From the first line to the last, restate the data word for word.

INFORMATION SHOWN:

▼

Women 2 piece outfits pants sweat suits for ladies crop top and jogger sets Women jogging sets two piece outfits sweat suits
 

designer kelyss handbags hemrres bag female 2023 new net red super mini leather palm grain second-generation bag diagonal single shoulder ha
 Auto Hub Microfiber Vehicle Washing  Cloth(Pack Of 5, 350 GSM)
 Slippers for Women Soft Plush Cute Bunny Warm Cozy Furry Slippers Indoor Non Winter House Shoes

▲

RESPONSE FOR THIS EXERCISE:
Women 2 piece outfits pants sweat suits for ladies crop top and jogger sets Women jogging sets two piece outfits sweat suits
 

designer kelyss handbags hemrres bag female 2023 new net red super mini leather palm grain second-generation bag diagonal single shoulder ha
 Auto Hub Microfiber Vehicle Washing  Cloth(Pack Of 5, 350 GSM)
 Slippers for Women Soft Plush Cute Bunny Warm Cozy Furry Slippers Indoor Non Winter House Shoes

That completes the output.